Lane Clark Trader tips – Making High Probability Trades

The trading world wouldn’t exist if individuals and organizations had exactly the same ideas when it came to making investment decisions. One persons opportunity, is another persons chance to walk away from the markets. One individual will trade technically, whilst another will not look past his or her fundamental ideas. One individual may day trade, whilst another takes positions that last for a minimum of three weeks.

This is what makes trading the financial markets as interesting and challenging as they are.

But how do you know what methodology suits you?

Probably through trial and error!

Studies have been conducted in the past showing that a random group of individuals can be taught the same trading techniques/systems, yet still when trading the same markets, get vastly different results. The ‘Turtle Traders’ being the best example. But how can this be?

The reason being- the individuals psychology comes into play. This is why I would say that people have to sample with different techniques to see what best fits them.

If you do veer down the technical trading route, one thing you can implement to try and separate yourself from other traders, is to attempt to make HIGH PROBABILITY TRADES.

This separates the good trader from the bad trader.

Here are a few ingredients of becoming a high probability trader:

  1. Know what the trend is and trade with it.
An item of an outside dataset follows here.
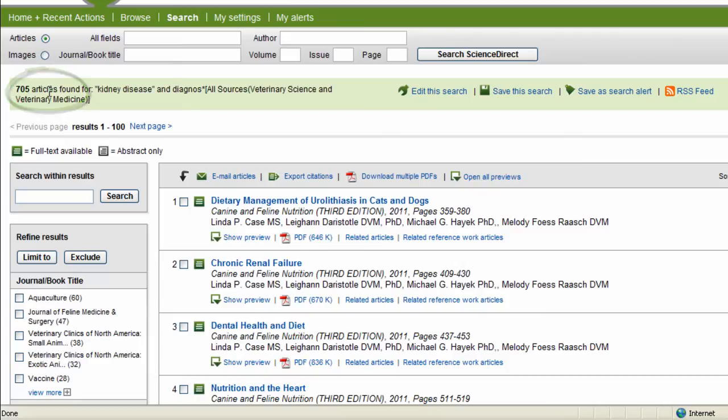But I also have more tools on the left-hand side that will help me narrow down my results even further.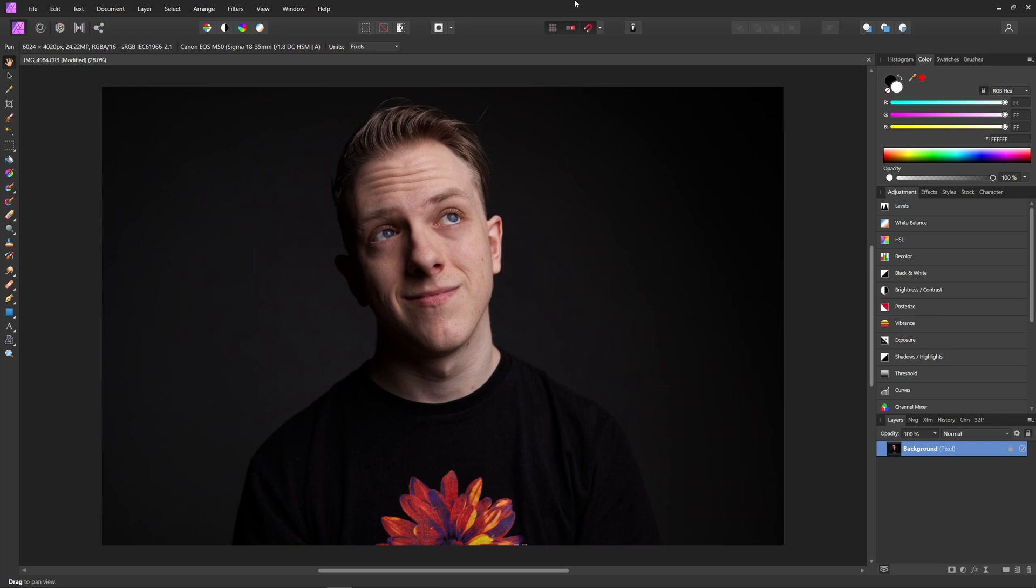There's a lot of retouching mistakes I see beginners make, but one of the most common ones I see, other than cranking the clarity slider, has to be retouching eyes.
Rewards can be found for traders buying against the trend, but why risk it? Remember that the trend is your friend, until it bends.
  2. Use multiple time frames. Would a golfer play 18 holes with only a driver or a putter? Of course he wouldn’t. So why should you look at only one chart. The best trades are the trades that look good in multiple timeframes.
  3. Assume the main moving trendline or moving average will hold. Some people see a strong trendline or moving average and feel it has to pull back. Don’t fall for it. Yes, there will be retracements, but don’t try and second guess them. Assume the trend will stay in place until you have reason to think otherwise.
  4. When looking at trend lines, bear in mind that the smaller the slope of the trendline- the more reliable it is. If the slope is too steep, it will probably be broken.
  5. The longer period the moving average is, the better it defines the trend. Why use a 5 day moving average when a 25, 50, or 250 will define the trend for you far better.
  6. Before entering the market- wait for a pull back. Although it is tempting to enter the market, the prudent trader will wait for confirmation of the break, and wait for a price he/she is happy with. If it means missing a trade- so be it.
  7. Do not chase the market. If you do- you may find people will profit take and you would have bought right at the top of the market.
  8. Don’t fight the market. There will only ever be one winner.
  9. Bear in mind that even the strongest trends will have pull backs. Mass hysteria sometimes takes over. Stay calm, stay cool, stay focused, and you will be rewarded by entering the market on a pullback.
  10. When buying into the market, the closer the support/resistance level is below the price, the better the risk to reward ratio is. You will find if it breaks these levels it will continue to fall, so have your stop fairly close behind these prices where the support/resistance levels are.
  11. Employ the ADX to find out whether the market is trending or ranging. Strong trends have readings of 30 and over, range trading conditions have readings of 20 and under.
  12. Combine trend following systems and oscillators. Oscillators are great to pinpoint turning points, particularly when combined with other instruments.
  13. Have a reason for every trade. If you don’t- do not take the trade.
  14. Know where the Fibonacci support levels are. Many traders view them, and so should you.
  15. Place stops outside of these potential retracement levels. Far enough away to avoid short term volatility but close enough to stop the trade if the levels break.
  16. Maintain your discipline. Because if you don’t- you’ll lose.

There is no sure way method of making money in the financial markets but by becoming a high probability trader, at least you are shifting the odds in your favour. Look at the poker player- he knows the odds of getting any hand. He only bets when there is a better pay off ratio than the odds involved. If he needs a 6 and the odds are eleven to one, if someone bets 10 pounds, he’ll only bet if he can win at least 110 pounds. If the pot has 400 pounds in it, he’ll take the bet every time. He may not win that bet, but it was the high probability move, and the wise decision.

Take that mindset into your trading, have a reason for every trade you make, and you may find your results begin to improve.